[Crawled caption data]
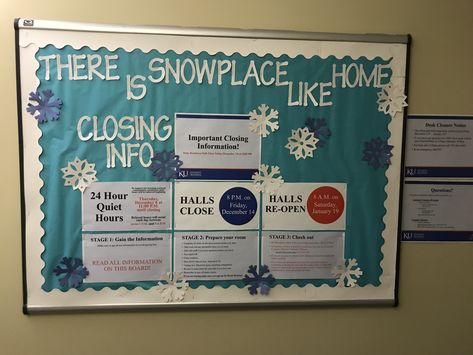 Ra Bulletin Boards December, Christmas Bulletin Board Ideas Ra, Winter Closing Bulletin Board Ra, Closing Ra Bulletin Board, December Ra Bulletin Board, Christmas Ra Bulletin Board, Winter Ra Bulletin Boards, Winter Door Decs Ra, Winter Ra Boards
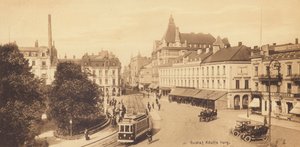 Malmö: Gustaf Adolfs torg (b/w fotoğraf) by Swedish Photographer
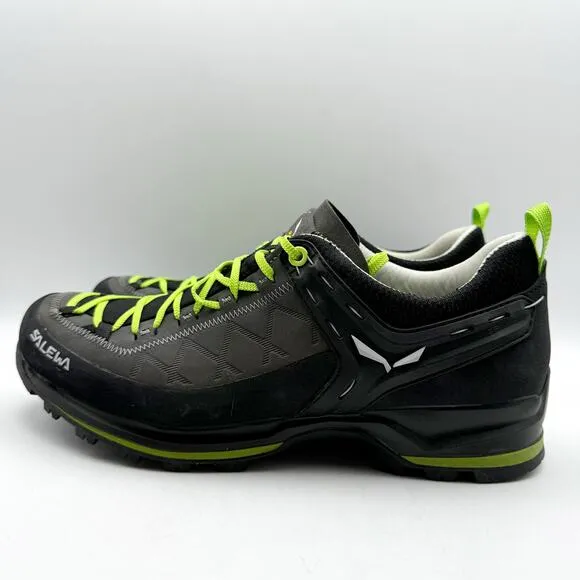 Salewa Mens Mountain Trainer 2L Trail Sneakers US 10.5 Gray Black Athletic NWOB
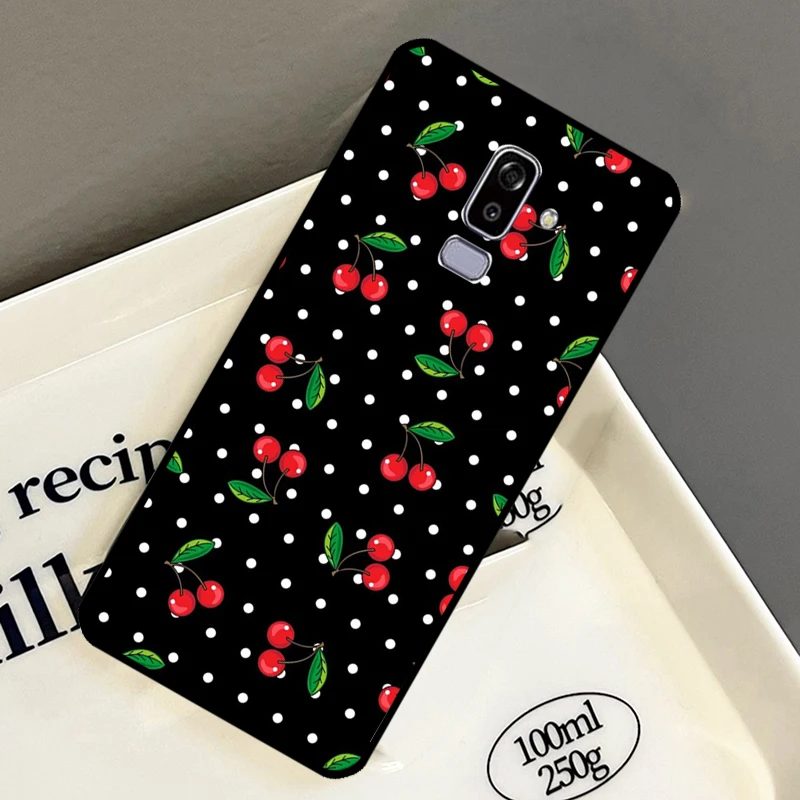 Food Fruit Red Cherry Case For Samsung Galaxy J7 J1 J5 J3 2016 A3 A5 2017 A6 A7 A8 A9 J4 J6 Plus J8 2018 Cover images - 6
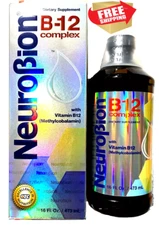 Neurobion B12 Complex Liquid Metabolism and Energy Supplement Vitamins, 16 fl oz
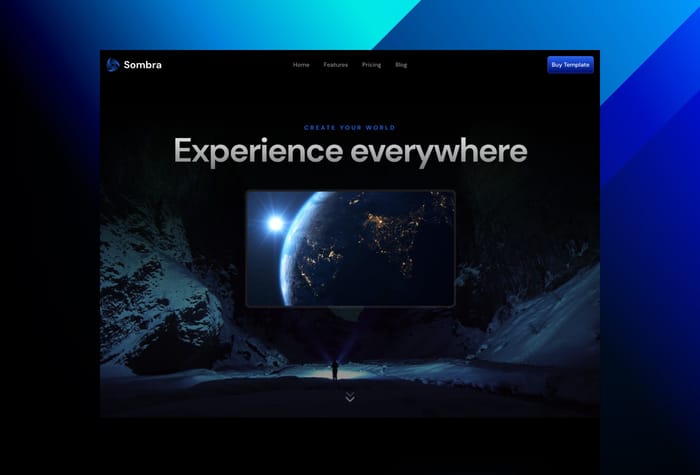 Sombra — Saas Website Template - Introducing Sombra, the ultimate SaaS template for businesses and developers who want to immerse their users in a experience like never before.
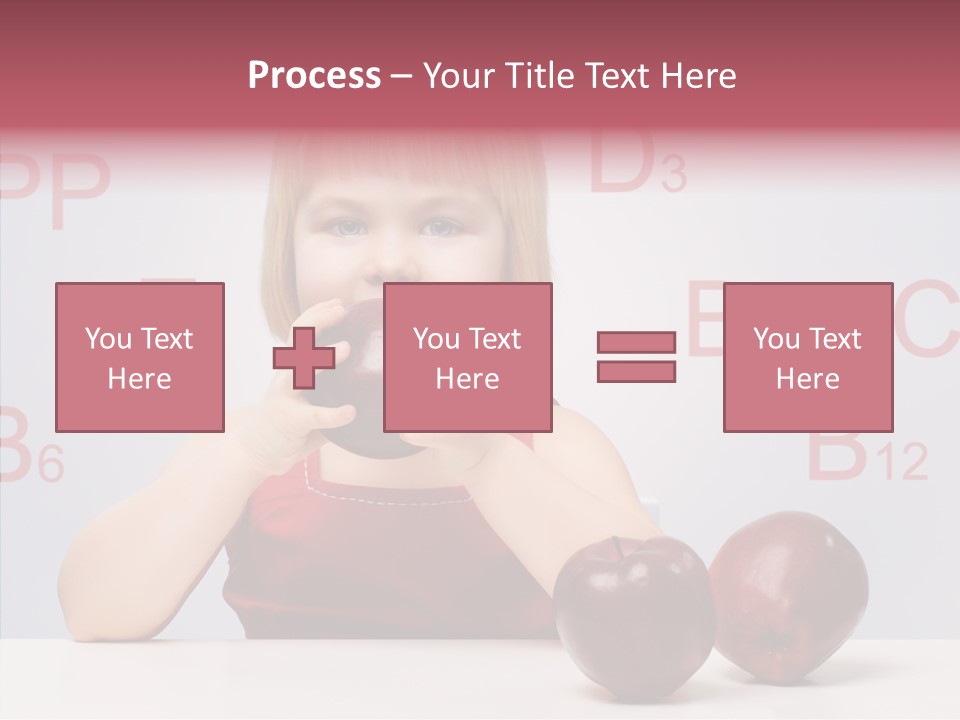 Healthy Candid Caucasian PowerPoint Template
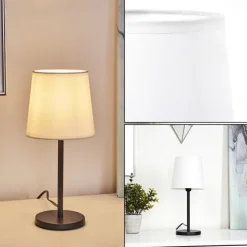 Lampe De Table Sikala Noir, 1 Lumiere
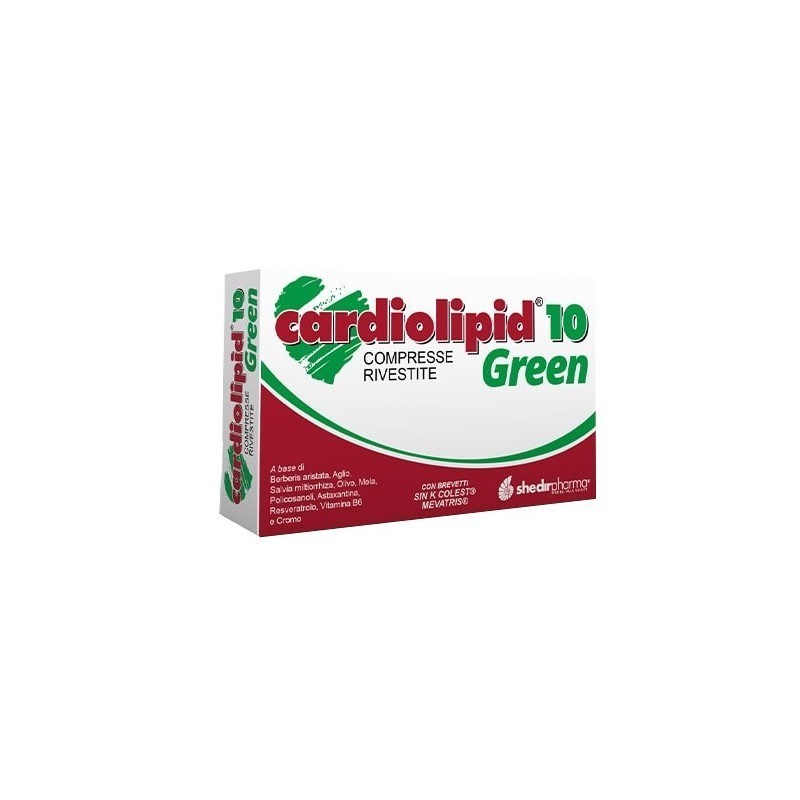 Shedir Pharma Cardiolipid 10 Green 30 Compresse Rivestite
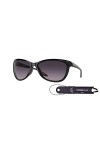 Oakley Pasque OO9222 Lunettes de soleil pilote pour femme + ensemble daccessoires laisse + kit design iWear, Encre noire / G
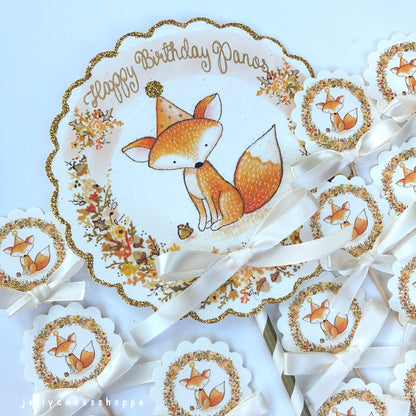 Fall Woodland Cake Decorations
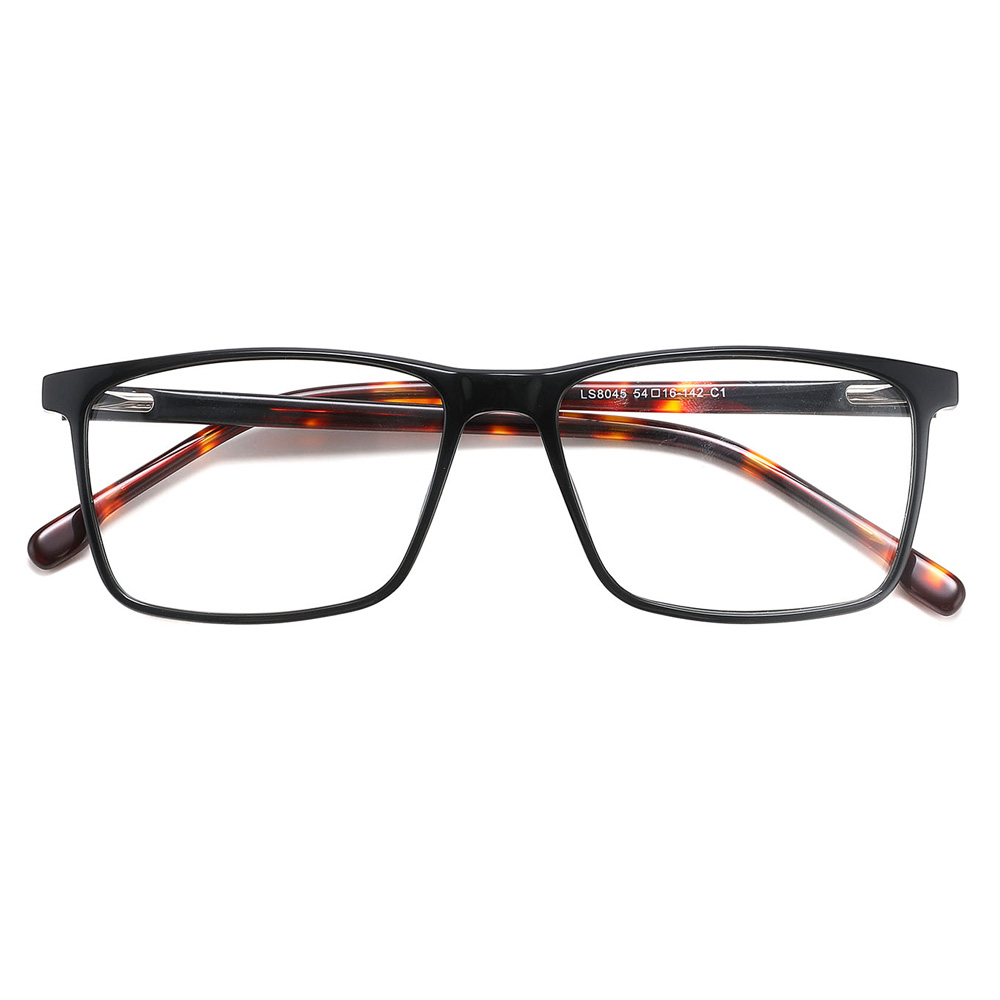 Metal 2022 Retro Square Acetate Eye Glasses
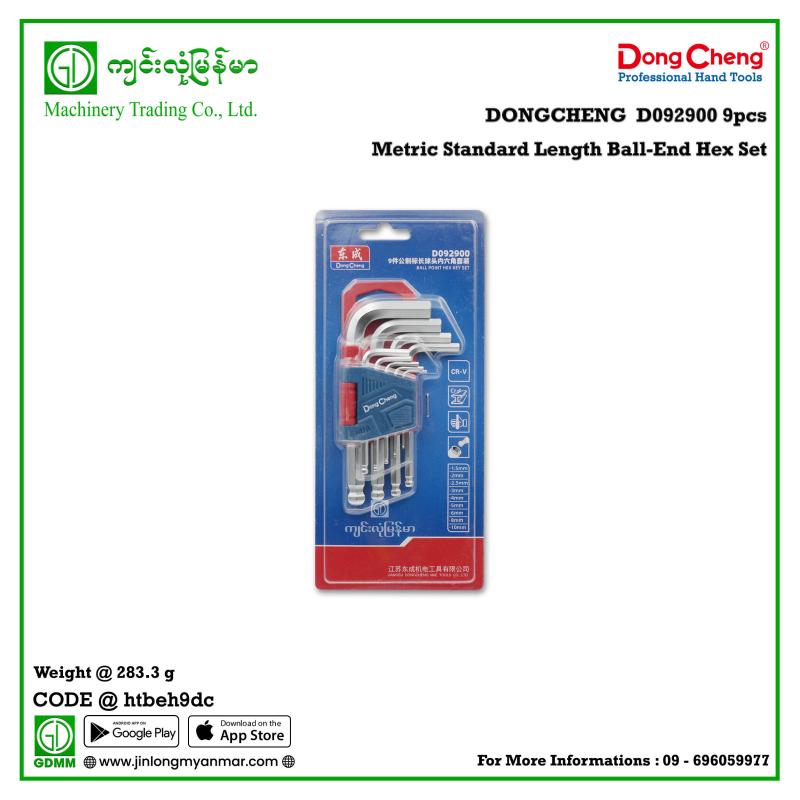 9pcs Metric Standard Length Ball-End Hex Set DONGCHENG  D092900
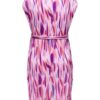 ONLY Carmakoma Rochie 'LISSETA'  lila / magenta / roz pal / alb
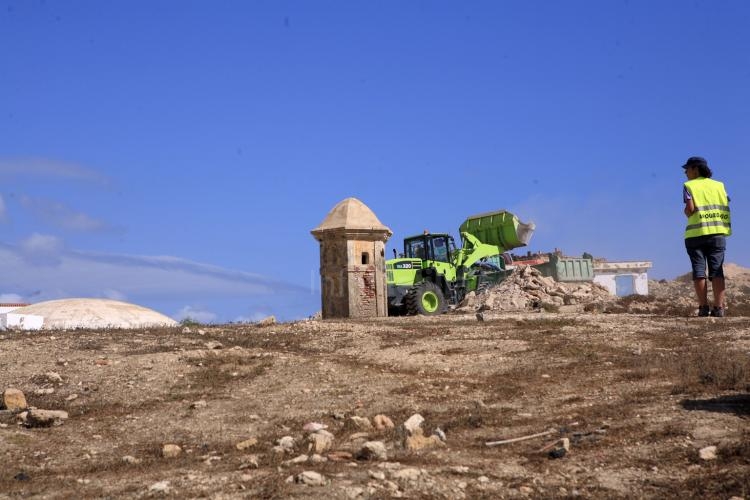 La Ciudad inicia en el Fuerte de Victoria Grande los trabajos arqueológicos previos a su recuperación definitiva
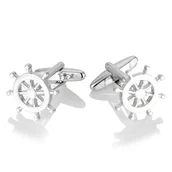 Spinki do mankietów i krawatów - Spinki do mankietów Koło sterowe X2 PSN136 - miniaturka - grafika 1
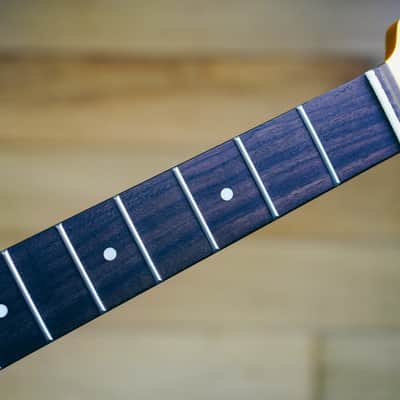 Telecaster Neck – Yellow Maple & Rosewood | 21 Frets | Nitro Satin Finish | Bone Nut image 6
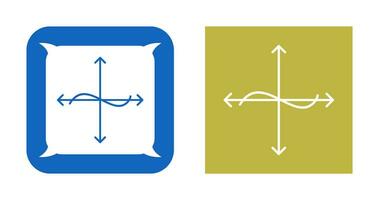 Unique Graph Vector Icon
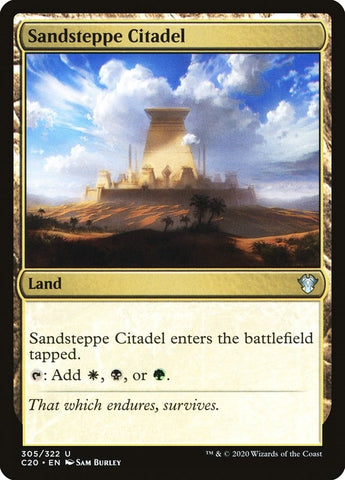 Image for Sandsteppe Citadel (305) [Commander 2020]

** PROBLEM TO WORK ON **
Of the lines above, copy only those from the one holding "Oakley Pasque OO9222" to the one holding "Spinki do mankietów i", both included, and exclude every image.

** EXPECTED OUTPUT **
 Oakley Pasque OO9222 Lunettes de soleil pilote pour femme + ensemble daccessoires laisse + kit design iWear, Encre noire / G
 Fall Woodland Cake Decorations
 Metal 2022 Retro Square Acetate Eye Glasses
 9pcs Metric Standard Length Ball-End Hex Set DONGCHENG  D092900
 ONLY Carmakoma Rochie 'LISSETA'  lila / magenta / roz pal / alb
 La Ciudad inicia en el Fuerte de Victoria Grande los trabajos arqueológicos previos a su recuperación definitiva
 Spinki do mankietów i krawatów - Spinki do mankietów Koło sterowe X2 PSN136 - miniaturka - grafika 1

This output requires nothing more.